───── The records

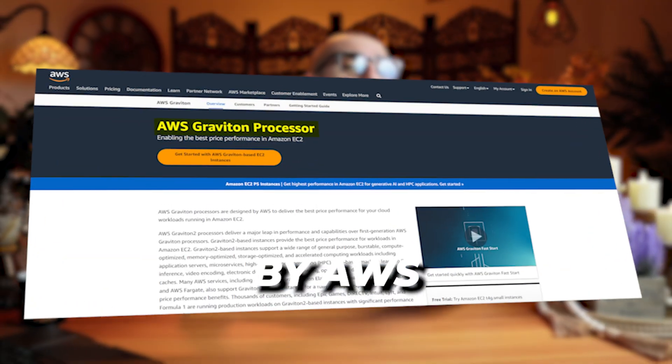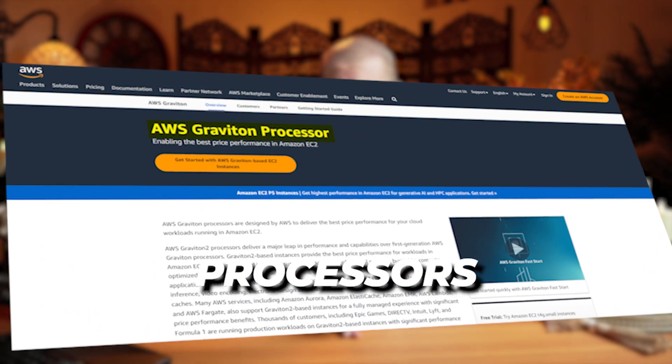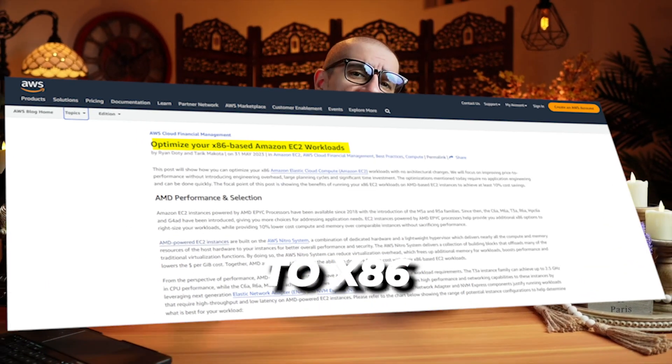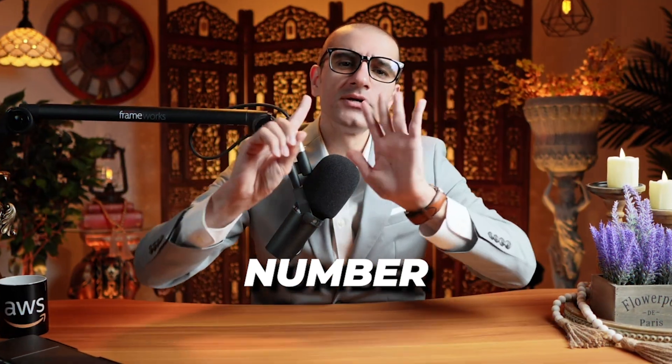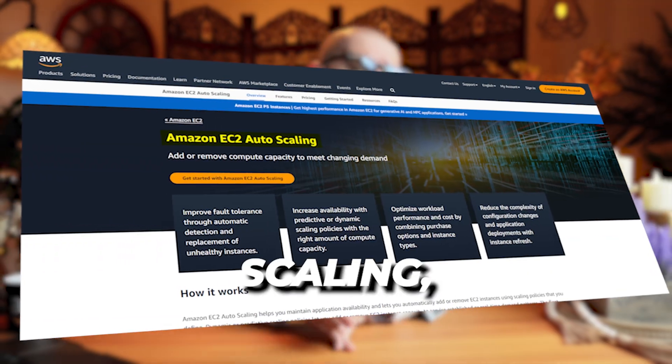Number four: EC2 instances powered by AMD and AWS Graviton2 processors deliver up to 20% lower cost when compared to x86 instances. Number six: with EC2 Auto Scaling, you can improve application resiliency by automatically adding or removing EC2 instances.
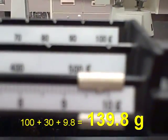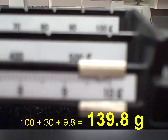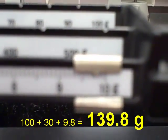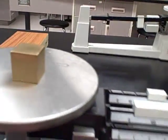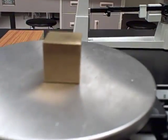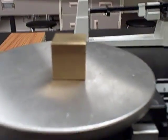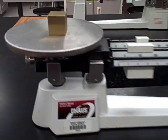So, 139.8. 139.8 grams would be the mass of this cube. That's how you use a triple beam balance to measure mass.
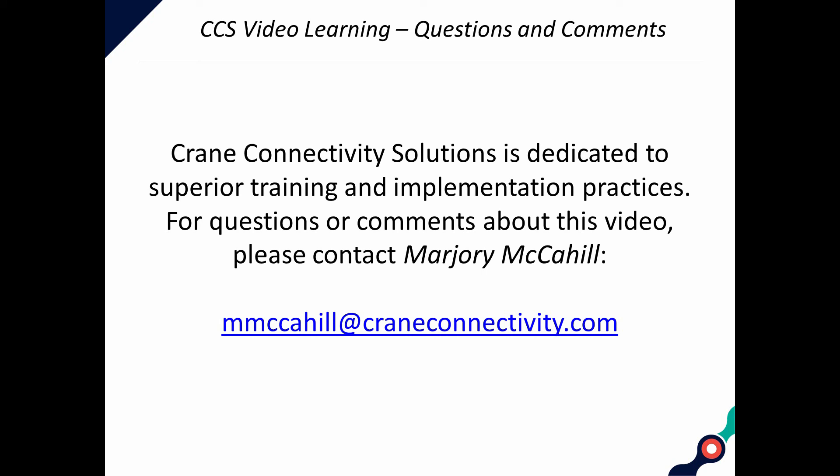Crane Connectivity Solutions is dedicated to superior training and implementation practices. For questions or comments about this video, please contact Marjorie McCahill. Thank you for watching.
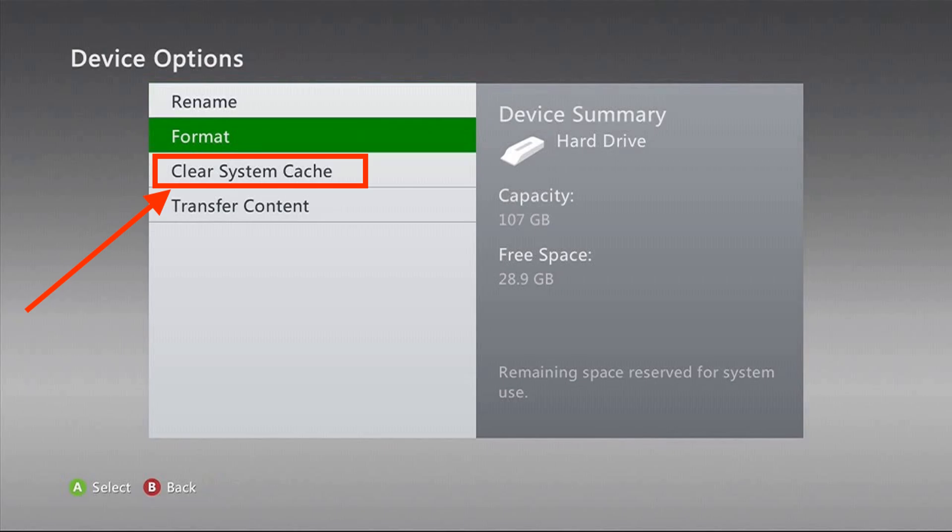Now on the confirmation screen tap on the OK button. Once the process is complete, you shall return to the storage device screen. Now you can press the guide button on your controller to return to the home screen. That's it, now you can enjoy gaming on your Xbox 360 as the Error 8015000A is fixed.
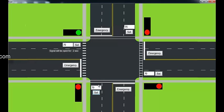So this is how efficient traffic flow is managed in this system using the smart traffic control algorithm. Thank you.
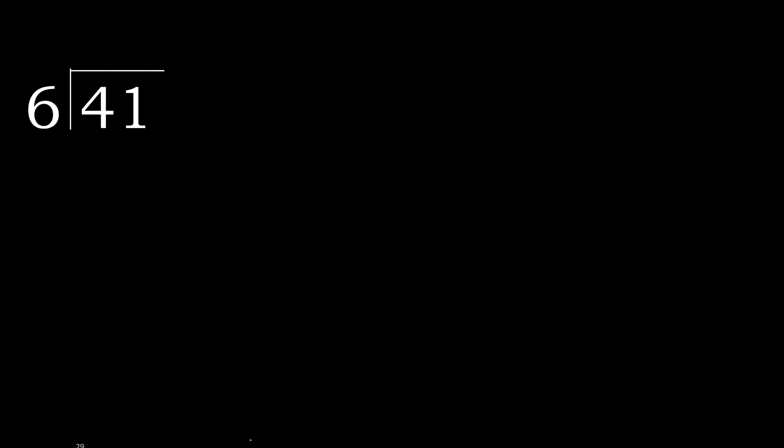41 divided by 6. 4 is less, therefore next, 41. 41 is not less.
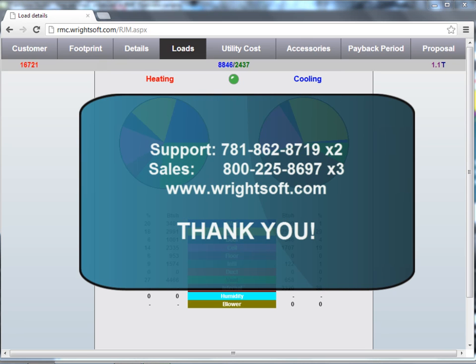For all of your technical inquiries, please contact our support department at 781-862-8719, extension 2. To purchase or renew your RightMobile Consultant license, please contact our sales department at 1-800-225-8697, extension 3. You can also visit us on the web at www.wrightsoft.com. Thank you for watching.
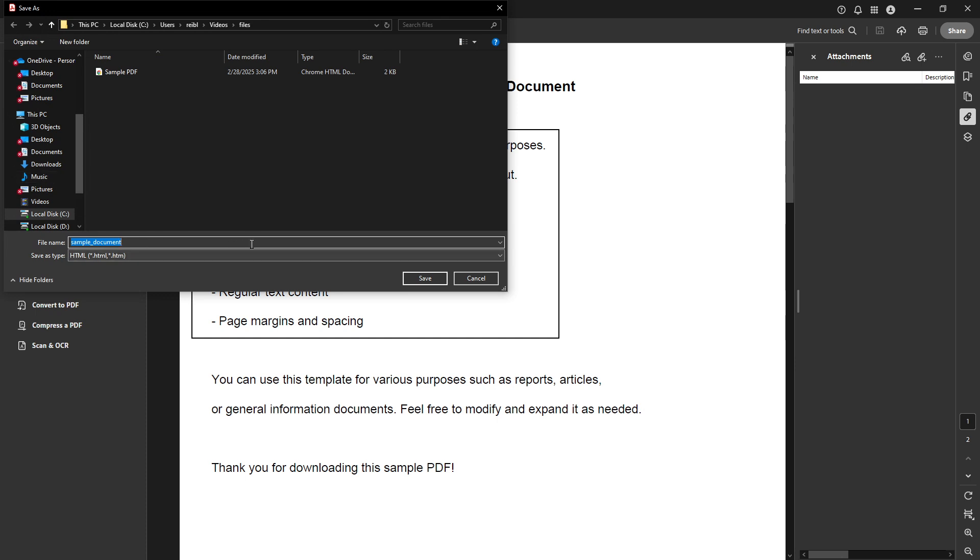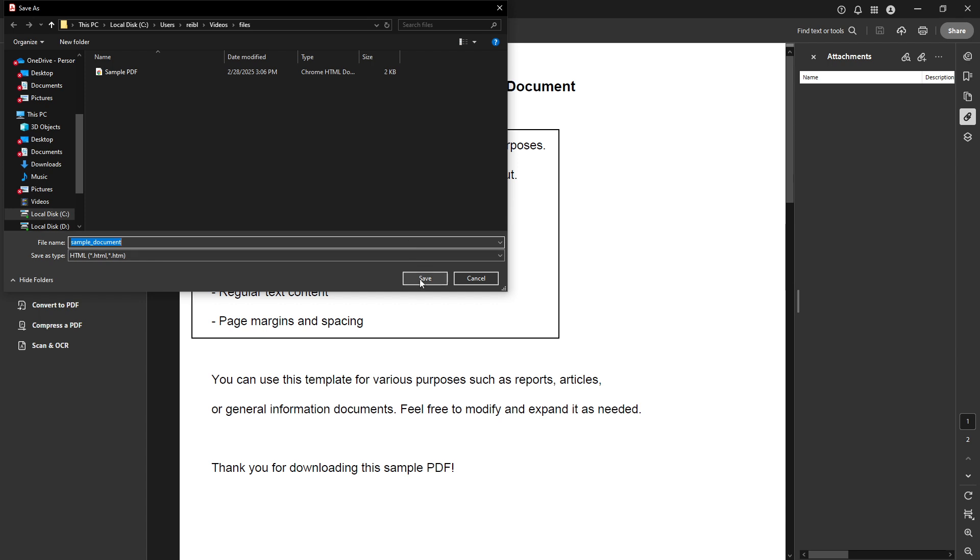Once the conversion is complete, a dialog box will appear, prompting you to choose the location where you want to save your new HTML file. It's a good idea to select a location that is both secure and easily accessible. Often users will choose their desktop or a designated folder for organizing converted files. Go ahead and navigate to your desired folder, enter a file name that you'll remember, and click save.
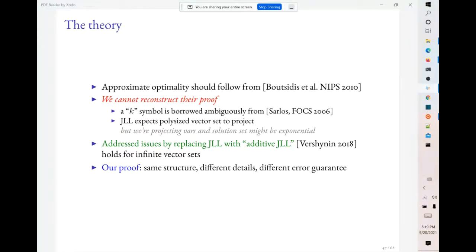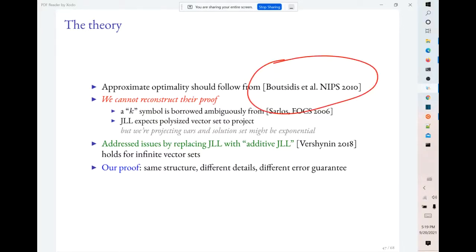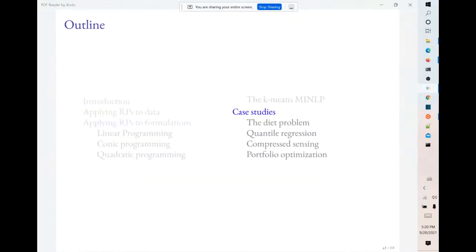For case studies, we have identified what appears to be a hole in the proof of another paper and fixed it using a completely different technique — an additive JLL. The case studies cover the diet problem, quantile regression, compressed sensing, and portfolio optimization.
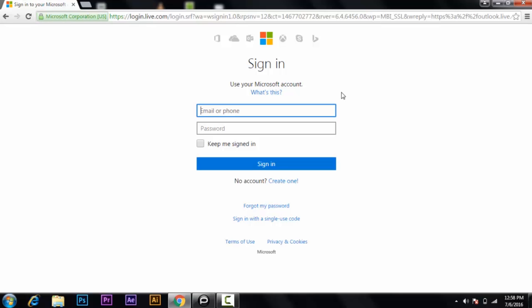You can also click on the screen right now — in that video we have shown you how to create a Hotmail ID. So let's start: enter your email or phone.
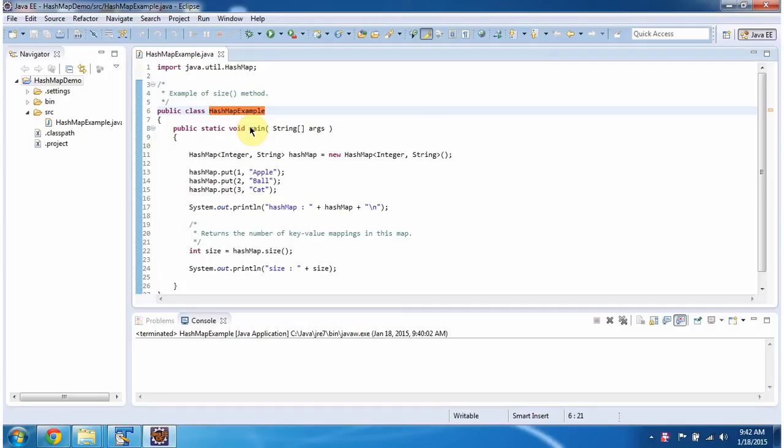Hi, in this video tutorial I will cover the size method of HashMap. To explain this, I have created this sample program.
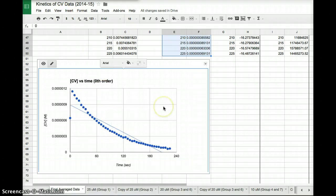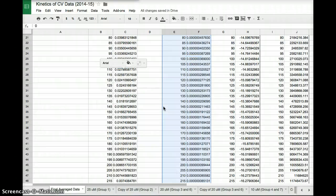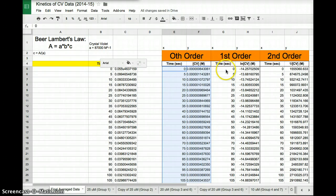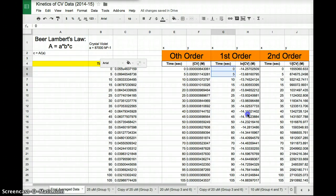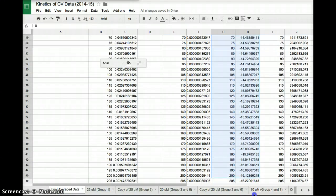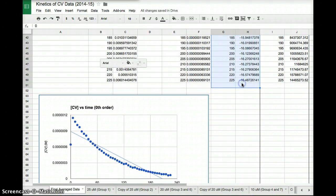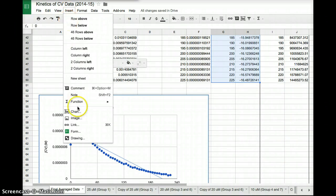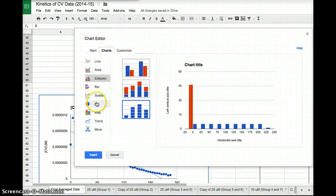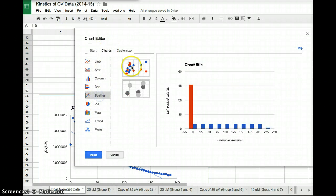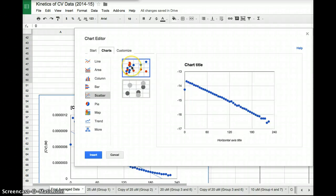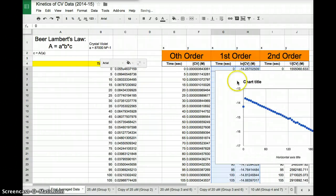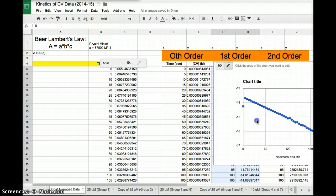Your next step is to create two more graphs for each of the other data sets that you have. So for first order, again, we'll go over here. We'll highlight all of our data. You'll go to insert, chart, charts, scatter, boom, insert. There's our data.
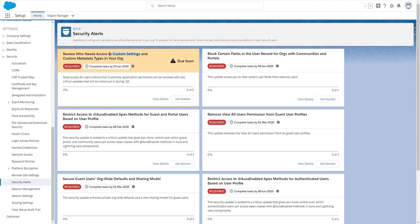Now every user that doesn't have a profile or a permission set that lets them customize applications will not have access to custom settings anymore from January 3rd onwards. So the fix is very easy. You can update this on a profile or a permission set, and I'll show you how.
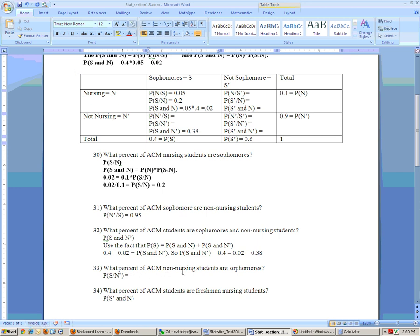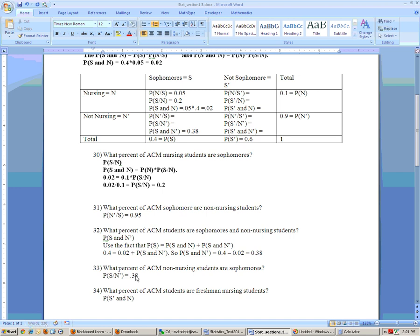Problem 33: what percent of ACM non-nursing students are sophomores? We want P(sophomore | not nursing). We take the value 0.38 and divide it by the probability of not nursing, which is 0.9. We're looking for sophomore given not nursing — the numerator must be P(sophomore and not nursing), and the denominator is P(not nursing). So we take 0.38 divided by 0.9 to get the answer.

──────────

- Required action
Within the material above, find the part that opens with the line containing "So this is how" and closes with the line containing "Hi, in this", and reproduce it exactly without the pictures.

- Response area
So this is how efficient traffic flow is managed in this system using the smart traffic control algorithm. Thank you.
41 divided by 6. 4 is less, therefore next, 41. 41 is not less.
For all of your technical inquiries, please contact our support department at 781-862-8719, extension 2. To purchase or renew your RightMobile Consultant license, please contact our sales department at 1-800-225-8697, extension 3. You can also visit us on the web at www.wrightsoft.com. Thank you for watching.
Once the conversion is complete, a dialog box will appear, prompting you to choose the location where you want to save your new HTML file. It's a good idea to select a location that is both secure and easily accessible. Often users will choose their desktop or a designated folder for organizing converted files. Go ahead and navigate to your desired folder, enter a file name that you'll remember, and click save.
For case studies, we have identified what appears to be a hole in the proof of another paper and fixed it using a completely different technique — an additive JLL. The case studies cover the diet problem, quantile regression, compressed sensing, and portfolio optimization.
You can also click on the screen right now — in that video we have shown you how to create a Hotmail ID. So let's start: enter your email or phone.
Hi, in this video tutorial I will cover the size method of HashMap. To explain this, I have created this sample program.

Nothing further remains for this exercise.